OS REIS DO BRASIL
29
de agosto de 2000
Todos querem ser donos do Brasil. Nascem com o rei na
barriga. Acreditam ser essa a grande chance de resgatar
carmas e querem ser reis do Brasil. A nostalgia do
Brasil monarca, de Dom Pedrito II, onde trabalho era
desonra e coisa de escravo.
Quem é ruim, se destrói sozinho, palavras do filósofo
que só volta à seleção brasileira nos braços do povo. O
marrento, chutando cachorro morto, desafia o vingativo
para um duelo no Coliseu do Maracanã contra a
coadjuvante Bolívia e, de cambulhada, esporeia
perdedores natos que não perdem por esperar. É o
imperador Romário obcecado pela glória suprema: mais e
mais gols. O criador de factóides que adora correr para
a galera.
Collor foi impichado porque quis ser dono do Brasil e
foi apeado do poder pelo poder econômico que a nação
paulista representa para o Brasil. Os caras-pintadas
ladraram e a caravana passou. Alaranjando, pretendia
formar uma rede nacional de TV para fazer frente à vênus
platinada, voando nas asas da VASP. Sonhou estender seus
domínios: 5 anos eleito, 5 anos reeleito,
primeiro-ministro, e Rei.
FHC entrou apelando para o patriotismo e dizendo que é
mole governar o Brasil. Privatizando as nossas coisas,
achando que não damos para o negócio por não termos o
tino empresarial. Elegendo o empresário como a figura
mítica que iria evitar a sangria do Estado e atrair
recursos estrangeiros para transformar isso aqui numa
potência do tamanho de Cingapura. Chegou a emudecer
Roberto Campos de tanta emoção. Acabou por nos fazer
chorar pelo leite derramado ao financiar produção,
alongar prazo de pagamento e bancar compra de estatal.

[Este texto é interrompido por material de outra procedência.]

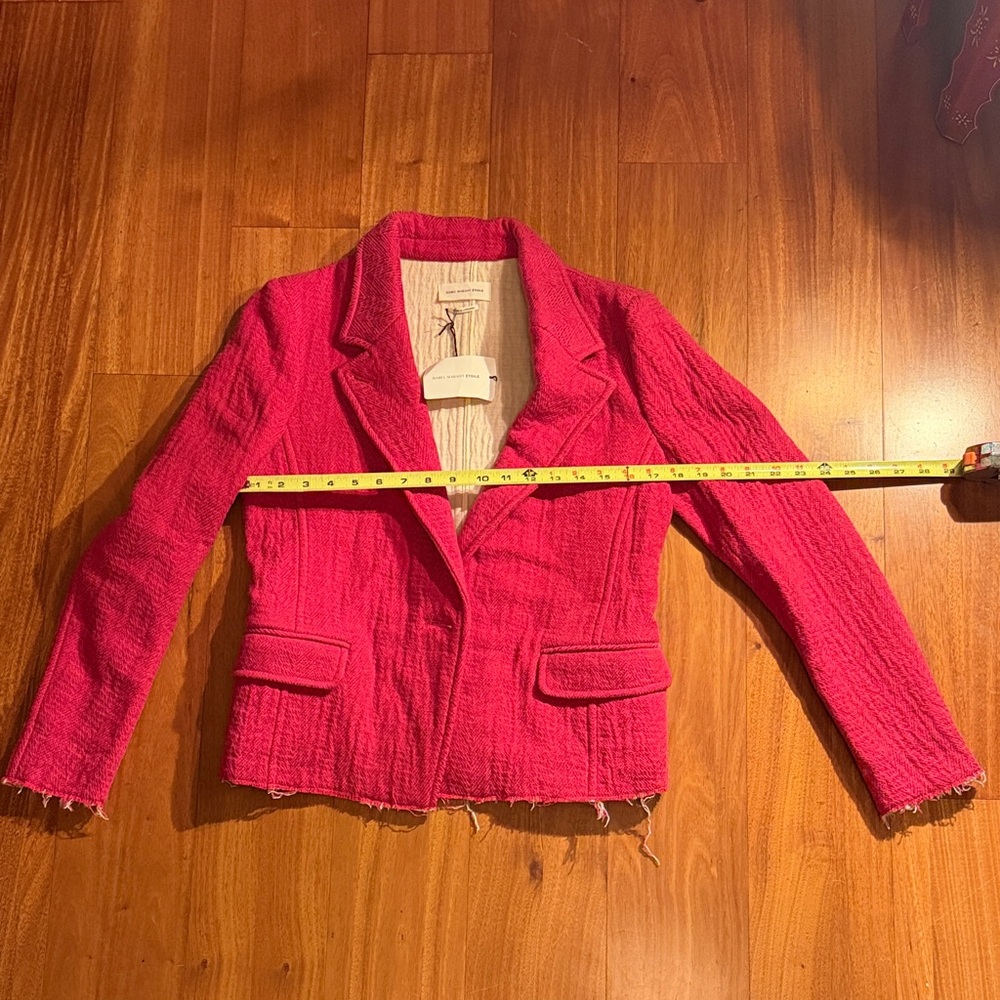 Isabel Marant Etoile Vibrant Pink Blazer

Wanderley Luxemburgo quis ser o dono do futebol. Sabe
que técnico da seleção brasileira é o cargo mais
importante do Brasil depois de presidente da República.
E olha que nos tempos dos óculos escuros da ditadura
militar o treinador era considerado mais inteligente do
que o general de plantão. Hoje não, o presidencialismo
revestiu-se de um caráter monárquico, de um despotismo
esclarecido, e o povo exige, ao eleger, que haja um
mandachuva de quem possa tomar satisfações ou jogar
bosta na Geni. E é nesse modelão que Wanderley se
inspirou.
Como emergente, foi mudando sua faceta de técnico de
campo para o chefão que abafa a voz passiva de seus
auxiliares. Psicólogo, ao definir modelos de
comportamento para a torcida. Generalíssimo, como chefe
da delegação que se aproveita do prazer de viver nas
alturas que acomete presidentes e mais presidentes. Não
se cansa de escalar Betões, Jardéis, Élberes, Aldaires,
Amorosos, Conceições, Robertos Carlos, desde que a sua
estrela brilhe mais do que as outras. Arrematante
contumaz de leilões, viciado em comprar e vender terras,
imóveis e carros no intricado e cada vez mais
milionário mundo do futebol, que cresce na mesma
proporção da influência de empresários que transformaram
atletas, para desgosto de João Saldanha, em mercadorias.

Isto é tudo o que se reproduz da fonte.